Nature Journaling: Observing and Recording the Natural World

By YPen Published

Nature Journaling: Observing and Recording the Natural World

Nature journaling is the practice of recording observations of the natural world through writing, sketching, and data collection. It is part science, part art, part meditation — a way of paying attention that transforms casual observation into deep seeing.

A Tradition of Observation

Nature journaling has a rich history. John Muir filled journals with observations that became the foundation of the American conservation movement. Beatrix Potter’s detailed mushroom illustrations were serious mycological studies. Darwin’s notebooks from the Beagle voyage contain the seeds of evolutionary theory. Meriwether Lewis and William Clark’s expedition journals are among the most valuable natural history documents in American history.

You do not need to be a scientist or an artist to follow in this tradition. You need curiosity and a willingness to look closely.

Getting Started

What You Need

  • A notebook (water-resistant cover is ideal for outdoor use)
  • A pencil (works in rain, cold, and any position)
  • Colored pencils or watercolors (optional but enriching)
  • A small ruler (for scale references)
  • Your attention

That is all. Binoculars, field guides, and hand lenses are useful additions but not prerequisites.

Where to Go

Anywhere. Your backyard, a city park, a trail, a beach, a vacant lot. Nature is not limited to wilderness. Birds nest in urban buildings. Weeds push through sidewalk cracks. Weather happens everywhere. The practice is about attention, not location.

What to Record

Observations

Describe what you see with precision:

  • Species identification (when possible) or detailed description (when not)
  • Behavior: what is the animal doing? Is the plant in bloom, fruit, or dormancy?
  • Quantity: how many? How dense?
  • Condition: healthy, damaged, old, new?

Environmental Context

Record the conditions surrounding your observation:

  • Date, time, and location
  • Weather (temperature, wind, cloud cover, precipitation)
  • Season and phenological stage (early spring, late fall, etc.)
  • Habitat type (wetland, meadow, forest edge, urban garden)

Sensory Details

Go beyond sight. What sounds surround you? What does the air smell like? What is the temperature of the soil, the bark, the water? These details enrich both the scientific record and the sensory quality of your journal.

Sketches

Even simple sketches capture information that words miss — the shape of a leaf, the pattern of bark, the posture of a bird. Label your sketches with measurements, color notes, and identifying features. Accuracy matters more than artistry.

Questions

Write down what you do not know. “Why is this tree losing leaves while the one next to it is not?” “What caused these holes in the leaves?” “Where does this stream go?” Questions drive future observation and research.

The I Notice / I Wonder / It Reminds Me Of Framework

Developed by naturalist John Muir Laws, this framework structures nature journaling around three prompts:

I notice… — Record objective observations. “I notice the moss is only growing on the north side of this trunk.”

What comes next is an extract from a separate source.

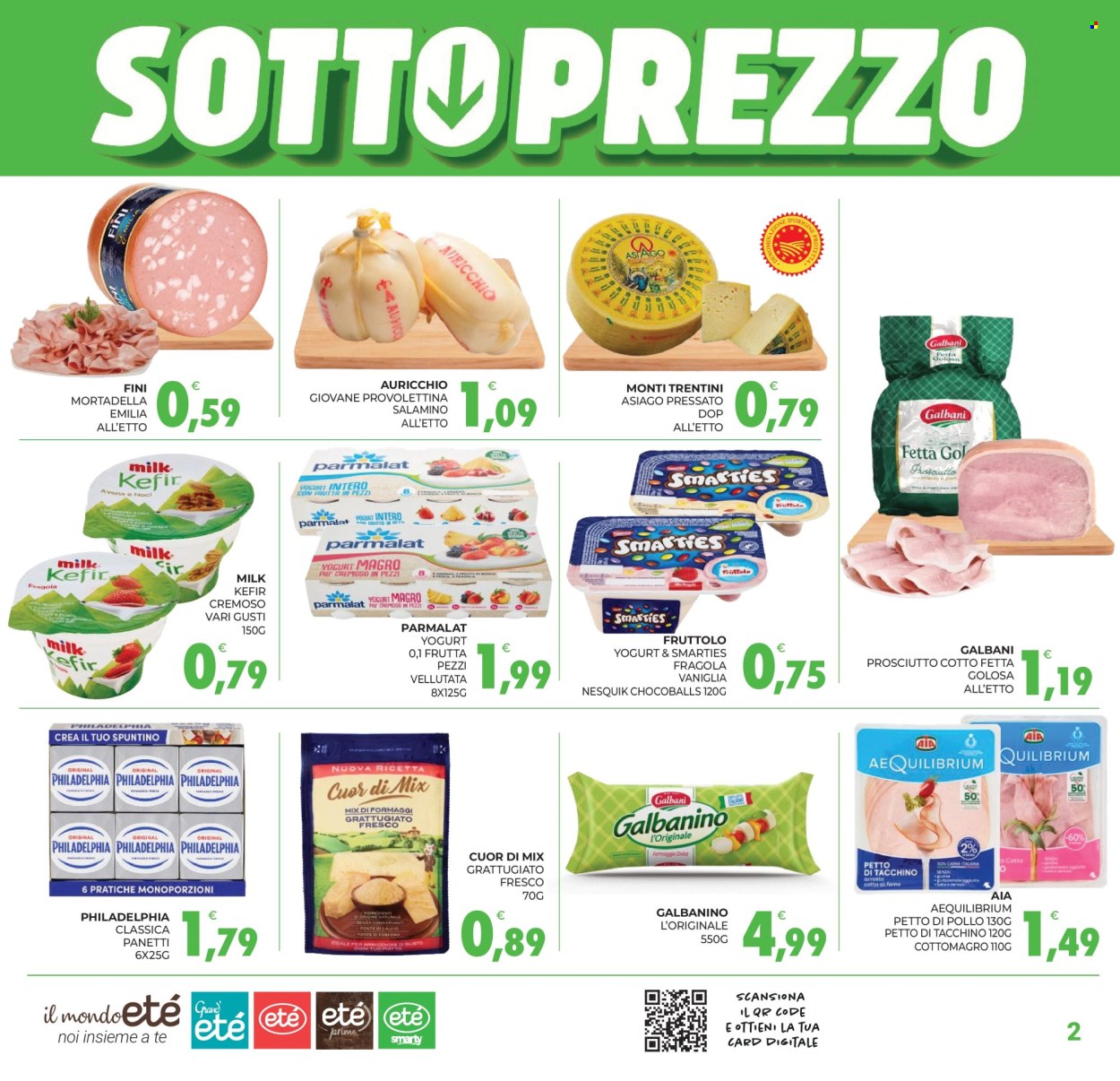 Volantino Eté - 28/7/2026 - 6/8/2026. Pagina 2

I wonder… — Ask questions about what you observe. “I wonder if the moss distribution relates to sunlight exposure or moisture.”

It reminds me of… — Connect the observation to prior knowledge, other experiences, or metaphors. “It reminds me of how cities develop differently on different sides of a river.”

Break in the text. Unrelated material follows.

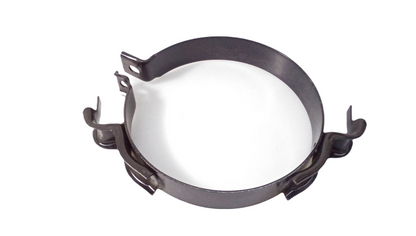 Abrazadera escape OEM 18211246403 para BMW E21 {todos los modelos: 320/1, 320/2, 320/6 con motor M20}. Pieza original BMW.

This framework works for beginners and experts alike, and it prevents the journal from becoming a dry catalog of species names.

Nature Journaling and Writing

For writers, nature journaling sharpens the descriptive skills that all good writing requires. The practice of observing closely and translating observation into precise language directly improves your ability to create vivid settings and sensory descriptions in any genre.

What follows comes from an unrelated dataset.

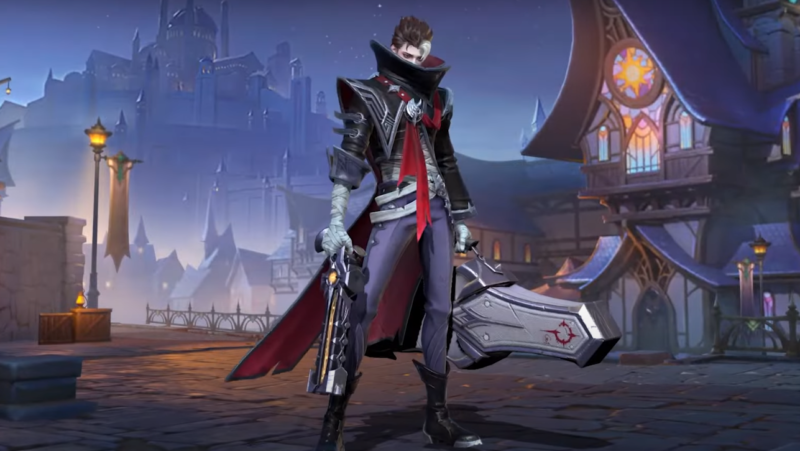 Hero Granger di MLBB. Foto: Tangkapan Layar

It also provides material. A morning spent watching herons fish becomes a metaphor in a poem. The way autumn light hits a specific hillside becomes a setting in a novel. The habit of close observation feeds all creative work.

Maintaining the Practice

Nature journaling works best as a regular practice rather than an occasional activity:

  • Weekly walks with journal in hand, even for 30 minutes
  • Daily backyard observations — what is blooming, what is visiting the feeder, how the light changes
  • Seasonal reviews — compare entries across months to see the progression of the year

Combine with your existing journaling practice by adding a nature observations section. Even brief daily notes — “First robin of spring. 3:45 PM. South-facing garden.” — accumulate into a valuable phenological record.

The Deeper Practice

Nature journaling is ultimately a practice of attention. In a world that constantly demands your focus, deliberately spending time looking at a single flower, a patch of lichen, or the pattern of waves on a pond is a radical act of presence.

The journal is the artifact. The attention is the practice. And the natural world, endlessly complex and endlessly available, is the teacher.